Work request: Give back an exact copy of the listing that follows, without the pictures.

Input data:
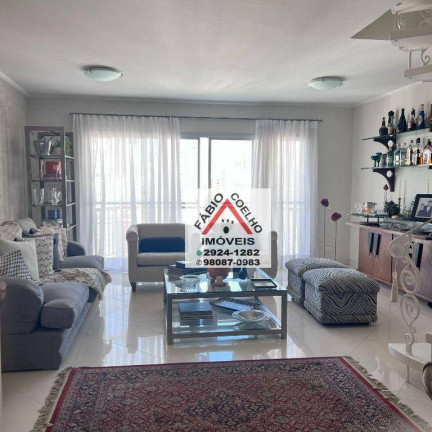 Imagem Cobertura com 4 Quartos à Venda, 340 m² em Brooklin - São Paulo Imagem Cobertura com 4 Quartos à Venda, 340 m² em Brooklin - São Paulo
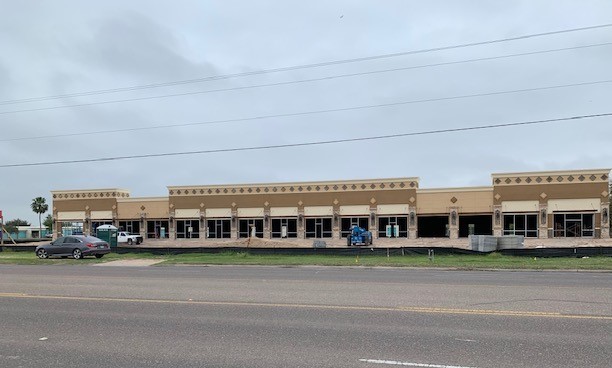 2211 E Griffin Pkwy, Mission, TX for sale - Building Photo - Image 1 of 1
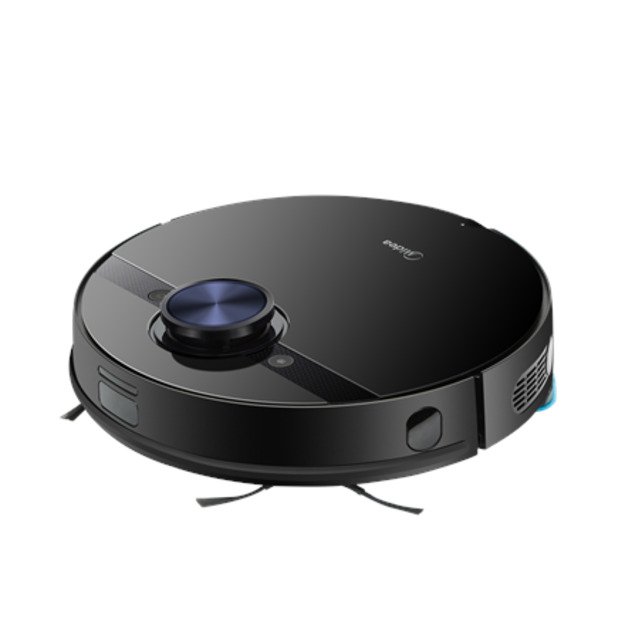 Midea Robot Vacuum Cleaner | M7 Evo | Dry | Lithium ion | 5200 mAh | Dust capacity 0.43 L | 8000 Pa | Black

Finished task:
 Imagem Cobertura com 4 Quartos à Venda, 340 m² em Brooklin - São Paulo Imagem Cobertura com 4 Quartos à Venda, 340 m² em Brooklin - São Paulo
 2211 E Griffin Pkwy, Mission, TX for sale - Building Photo - Image 1 of 1
 Midea Robot Vacuum Cleaner | M7 Evo | Dry | Lithium ion | 5200 mAh | Dust capacity 0.43 L | 8000 Pa | Black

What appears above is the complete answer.